(PROVIDED DATA)

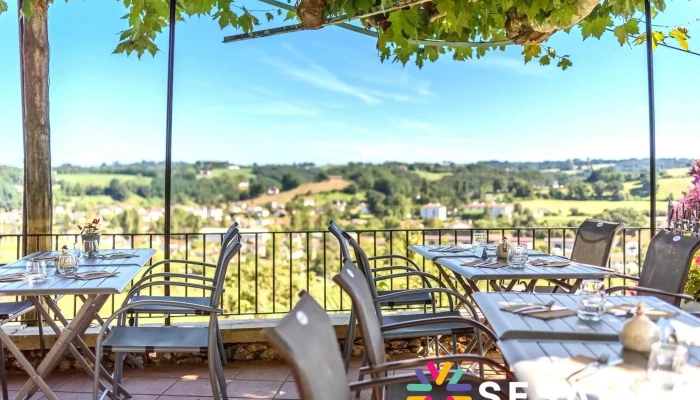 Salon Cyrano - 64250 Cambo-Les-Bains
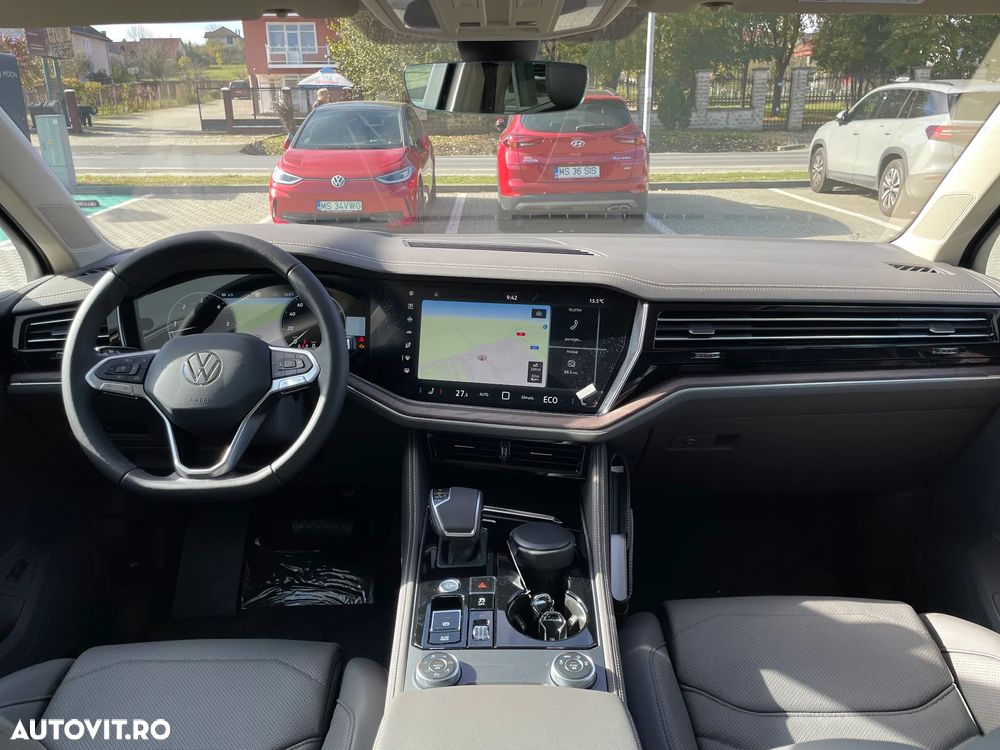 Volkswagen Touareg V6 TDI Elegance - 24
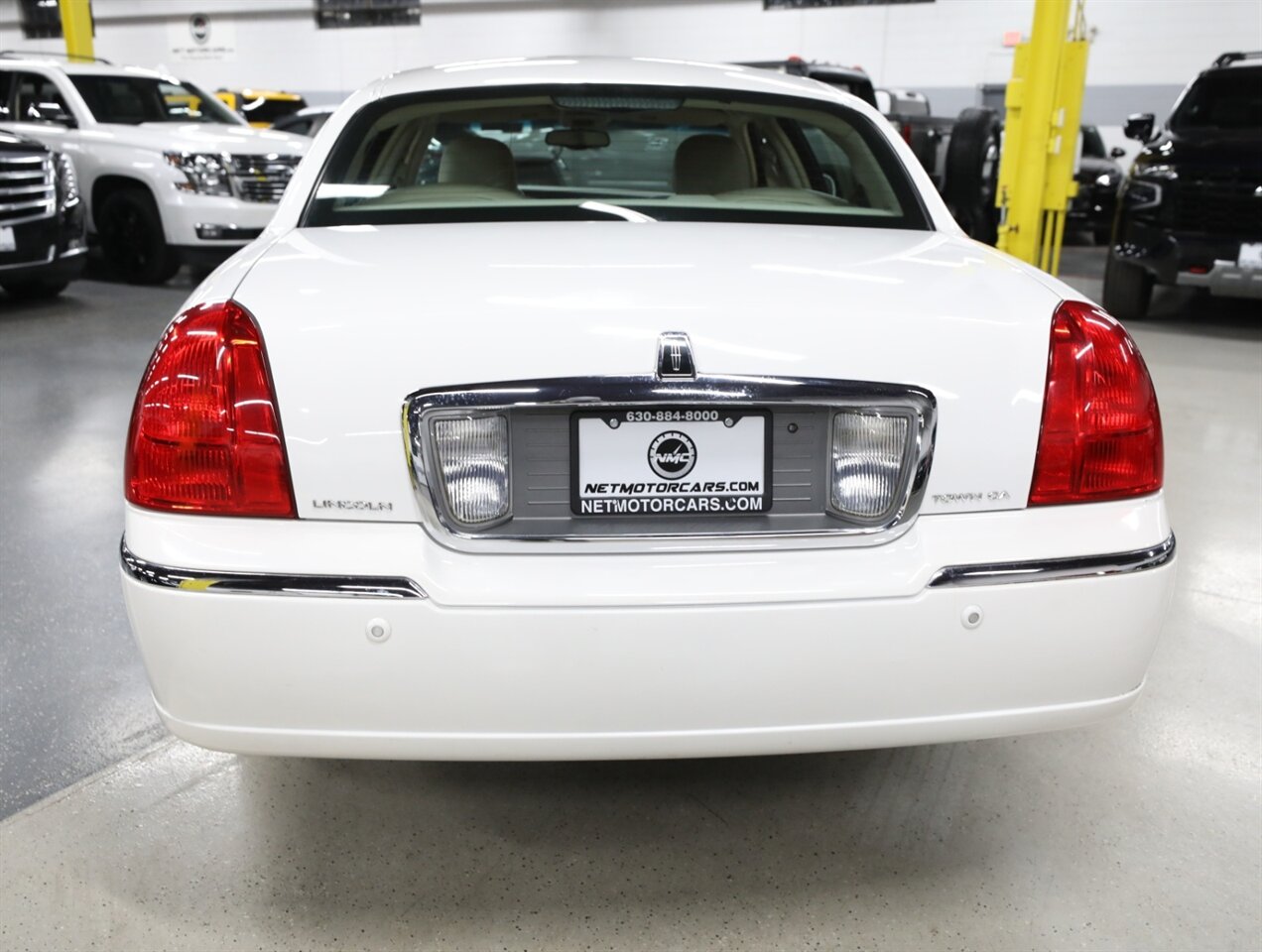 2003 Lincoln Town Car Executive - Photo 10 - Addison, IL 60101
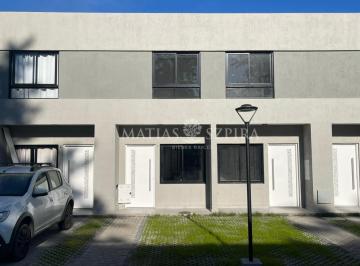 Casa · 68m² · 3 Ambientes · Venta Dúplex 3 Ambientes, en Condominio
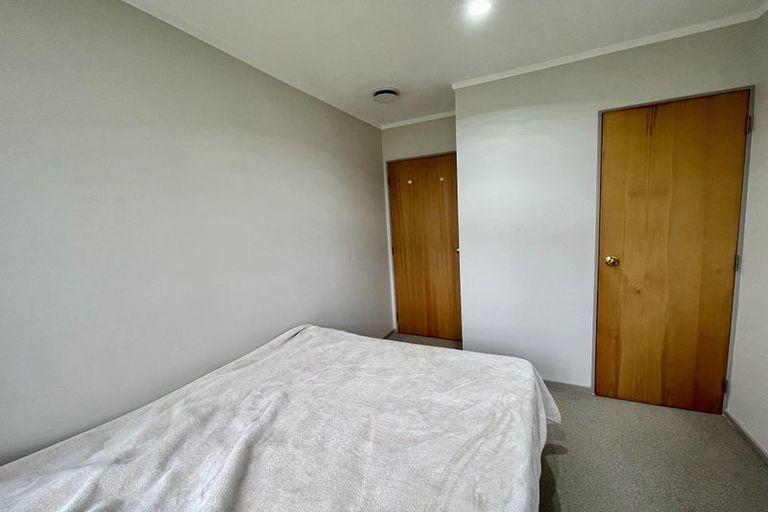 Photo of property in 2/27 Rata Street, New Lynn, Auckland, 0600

(End PROVIDED DATA)

WHAT THIS TASK INVOLVES - Would you return the records exactly, keeping out every picture?

REPLY TO THE EXERCISE -
 Salon Cyrano - 64250 Cambo-Les-Bains
 Volkswagen Touareg V6 TDI Elegance - 24
 2003 Lincoln Town Car Executive - Photo 10 - Addison, IL 60101
 Casa · 68m² · 3 Ambientes · Venta Dúplex 3 Ambientes, en Condominio
 Photo of property in 2/27 Rata Street, New Lynn, Auckland, 0600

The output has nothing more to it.